_EXERCISE DESCRIPTION_:
Set down again, exactly and only, the lines from the one that contains "Компьютерный стол в" through the last line of the records below, both included, but not the pictures.

--- DATA ---

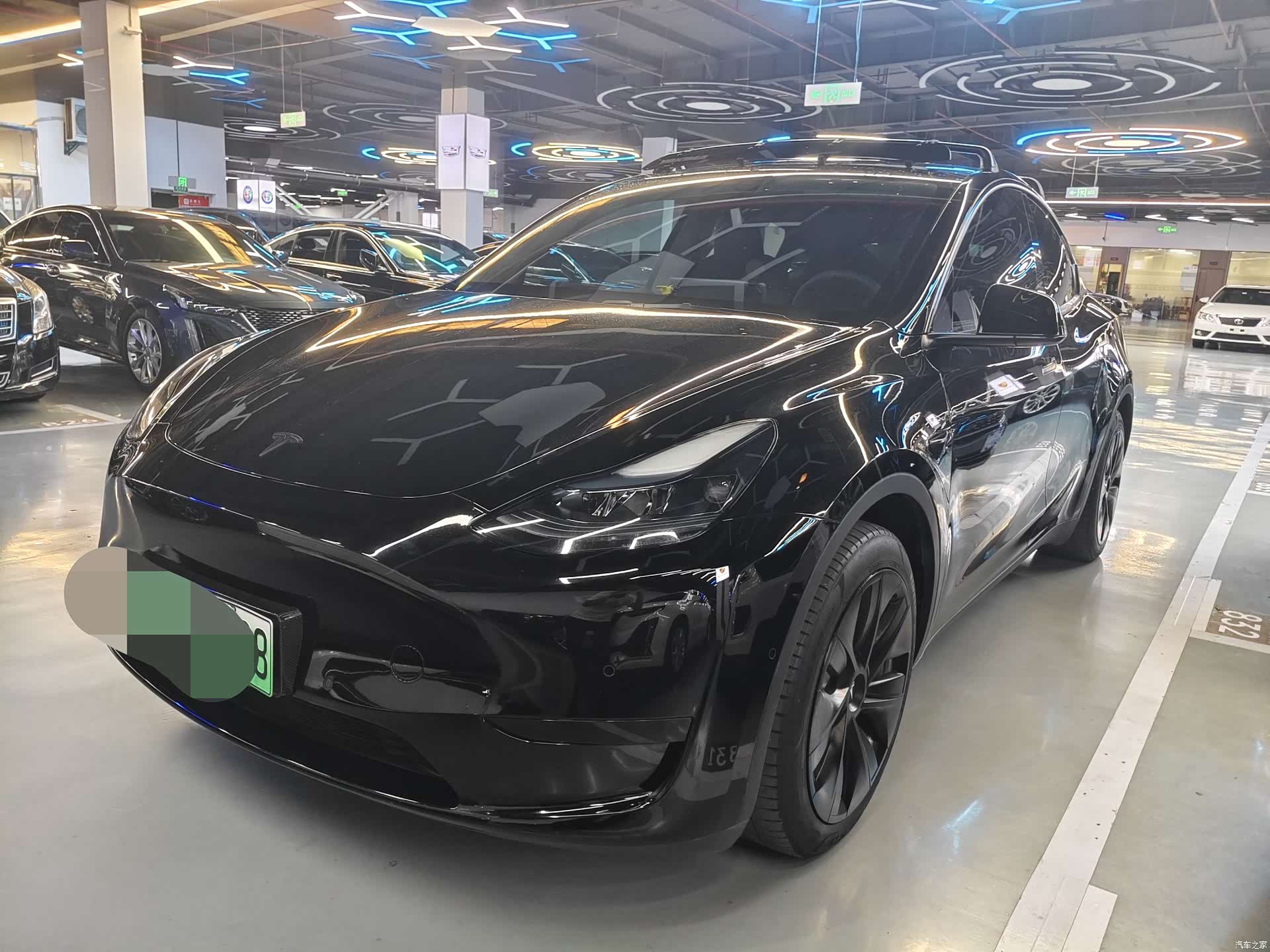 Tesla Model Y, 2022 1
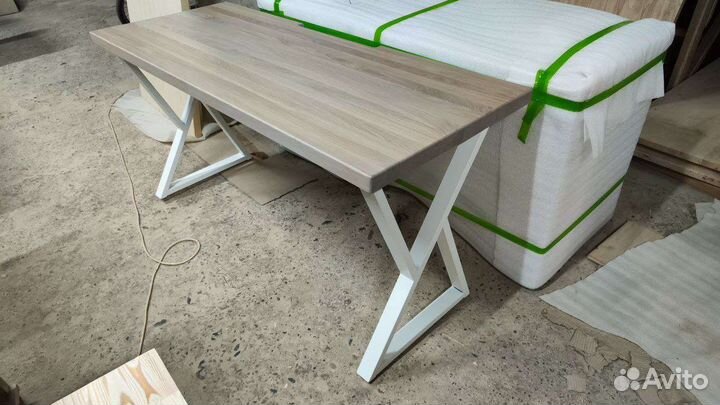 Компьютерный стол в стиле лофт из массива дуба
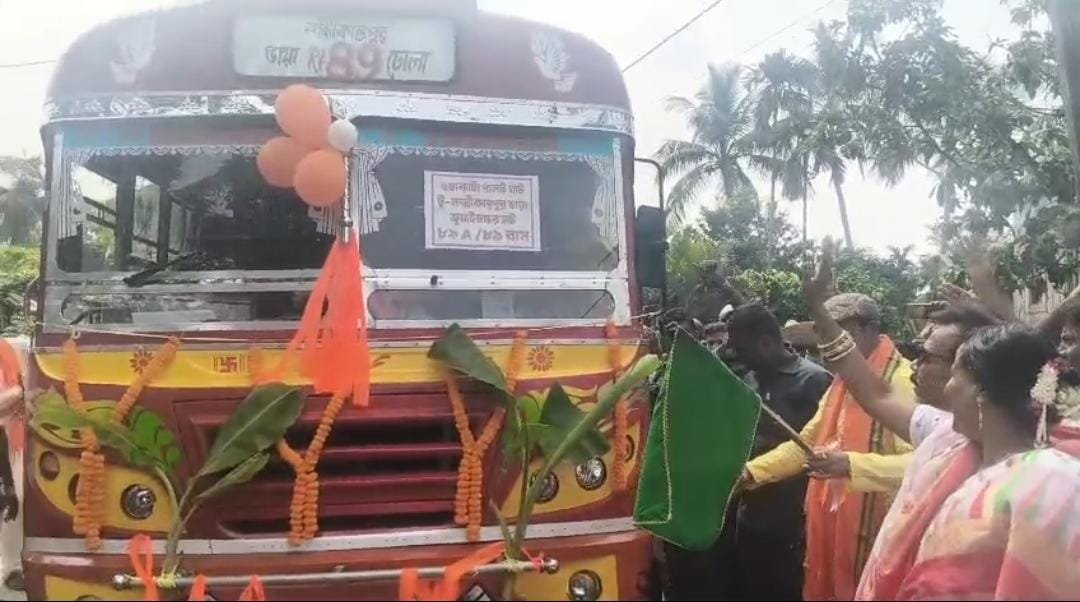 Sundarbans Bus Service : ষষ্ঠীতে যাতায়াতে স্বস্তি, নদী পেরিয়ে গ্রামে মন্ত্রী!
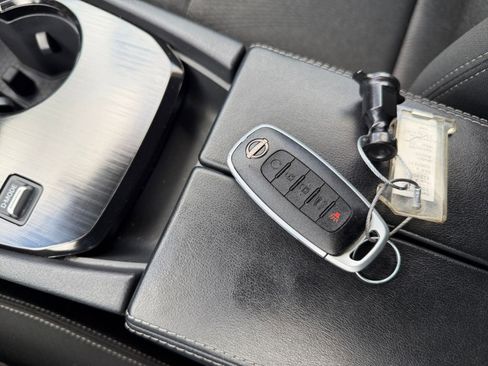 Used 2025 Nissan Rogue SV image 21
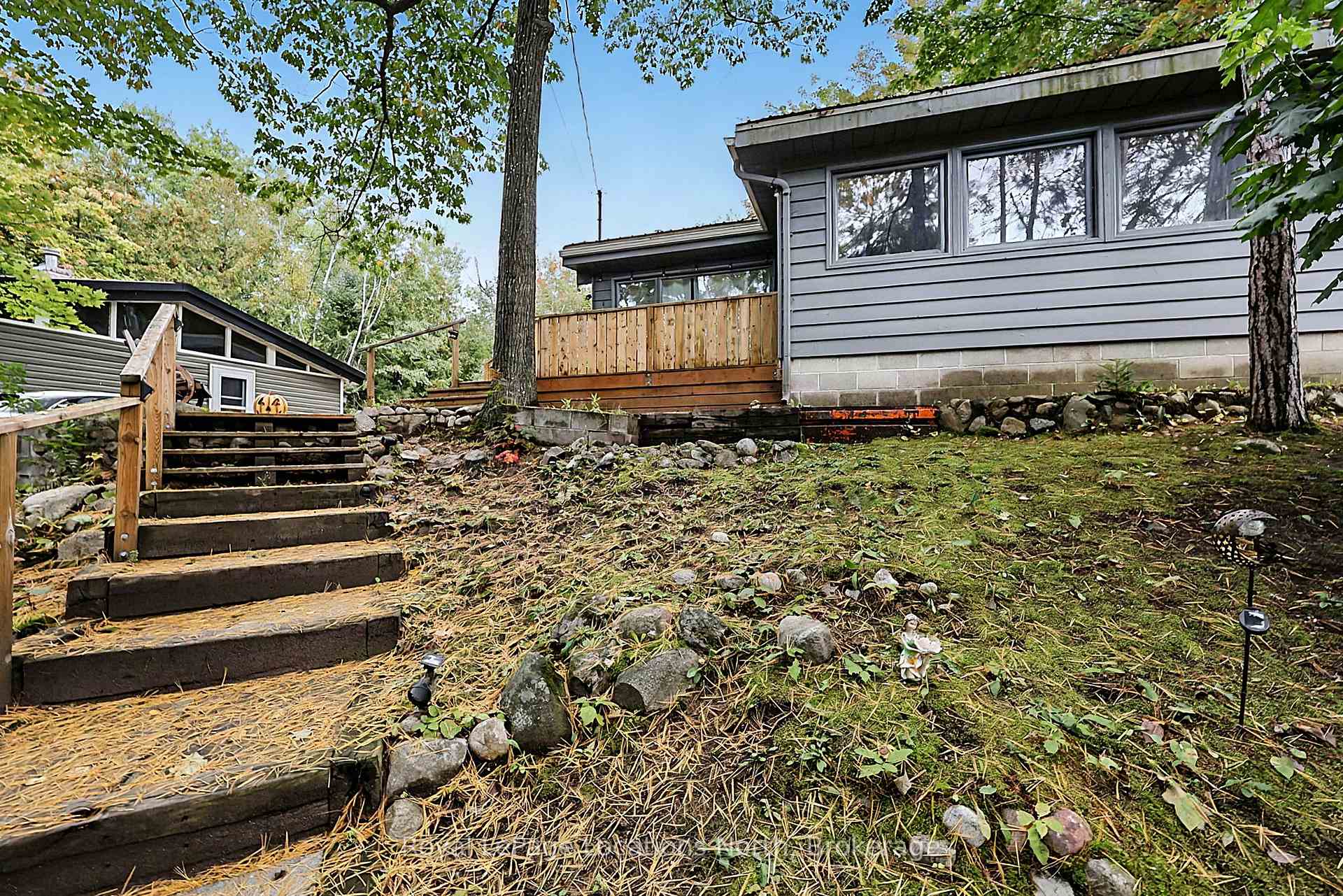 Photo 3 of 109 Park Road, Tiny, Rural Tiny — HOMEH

---

_RESULT OF THE TASK_:
 Компьютерный стол в стиле лофт из массива дуба
 Sundarbans Bus Service : ষষ্ঠীতে যাতায়াতে স্বস্তি, নদী পেরিয়ে গ্রামে মন্ত্রী!
 Used 2025 Nissan Rogue SV image 21
 Photo 3 of 109 Park Road, Tiny, Rural Tiny — HOMEH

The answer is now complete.